AIM OF THE TASK:
From the entries below, work out the number of lines that hold the word "Birthday", and give that number alone.
Start of DATA FOR PROCESSING
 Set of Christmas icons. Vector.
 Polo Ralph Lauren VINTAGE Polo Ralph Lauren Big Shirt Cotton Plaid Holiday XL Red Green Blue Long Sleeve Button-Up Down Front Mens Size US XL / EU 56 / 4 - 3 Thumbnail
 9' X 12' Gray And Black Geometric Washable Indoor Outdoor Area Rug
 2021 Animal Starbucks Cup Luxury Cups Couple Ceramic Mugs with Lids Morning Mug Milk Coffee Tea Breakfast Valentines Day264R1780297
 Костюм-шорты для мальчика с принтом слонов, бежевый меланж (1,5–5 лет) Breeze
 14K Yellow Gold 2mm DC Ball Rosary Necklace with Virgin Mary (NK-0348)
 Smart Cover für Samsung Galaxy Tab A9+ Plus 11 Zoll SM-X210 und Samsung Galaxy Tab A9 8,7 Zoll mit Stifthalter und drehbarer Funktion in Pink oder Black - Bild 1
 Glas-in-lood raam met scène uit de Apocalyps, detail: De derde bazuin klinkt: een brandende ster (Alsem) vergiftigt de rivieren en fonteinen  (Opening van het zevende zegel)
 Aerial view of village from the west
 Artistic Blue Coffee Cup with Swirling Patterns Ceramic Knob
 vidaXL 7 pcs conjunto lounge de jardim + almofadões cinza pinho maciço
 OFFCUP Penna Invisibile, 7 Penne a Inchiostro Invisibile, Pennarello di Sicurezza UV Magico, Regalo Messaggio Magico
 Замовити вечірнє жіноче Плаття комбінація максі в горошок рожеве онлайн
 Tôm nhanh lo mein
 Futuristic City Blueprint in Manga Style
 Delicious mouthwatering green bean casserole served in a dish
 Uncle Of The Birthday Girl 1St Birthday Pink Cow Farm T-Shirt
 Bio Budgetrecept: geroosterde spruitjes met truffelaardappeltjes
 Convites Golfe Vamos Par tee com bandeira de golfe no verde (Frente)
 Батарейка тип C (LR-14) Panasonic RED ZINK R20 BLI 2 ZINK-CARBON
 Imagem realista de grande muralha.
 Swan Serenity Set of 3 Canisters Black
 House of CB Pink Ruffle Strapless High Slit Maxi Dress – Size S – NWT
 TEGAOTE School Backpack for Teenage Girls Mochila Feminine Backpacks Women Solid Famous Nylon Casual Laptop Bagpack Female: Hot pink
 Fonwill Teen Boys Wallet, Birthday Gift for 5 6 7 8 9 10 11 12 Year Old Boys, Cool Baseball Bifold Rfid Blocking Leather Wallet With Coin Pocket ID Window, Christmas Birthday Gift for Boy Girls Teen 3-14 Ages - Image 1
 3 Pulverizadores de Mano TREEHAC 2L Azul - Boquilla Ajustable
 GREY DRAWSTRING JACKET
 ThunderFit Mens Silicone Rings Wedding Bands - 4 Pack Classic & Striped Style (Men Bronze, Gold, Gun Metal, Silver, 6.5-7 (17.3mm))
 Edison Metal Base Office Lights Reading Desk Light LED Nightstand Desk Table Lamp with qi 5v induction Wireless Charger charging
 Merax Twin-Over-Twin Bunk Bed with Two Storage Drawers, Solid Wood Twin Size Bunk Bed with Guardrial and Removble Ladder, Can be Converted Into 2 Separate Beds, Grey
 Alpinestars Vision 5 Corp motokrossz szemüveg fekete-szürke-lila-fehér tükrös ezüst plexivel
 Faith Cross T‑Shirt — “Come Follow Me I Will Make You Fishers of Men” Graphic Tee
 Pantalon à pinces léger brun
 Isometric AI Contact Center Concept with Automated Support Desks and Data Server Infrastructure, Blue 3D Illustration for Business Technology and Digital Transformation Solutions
End of DATA FOR PROCESSING
RESULT BELOW:
2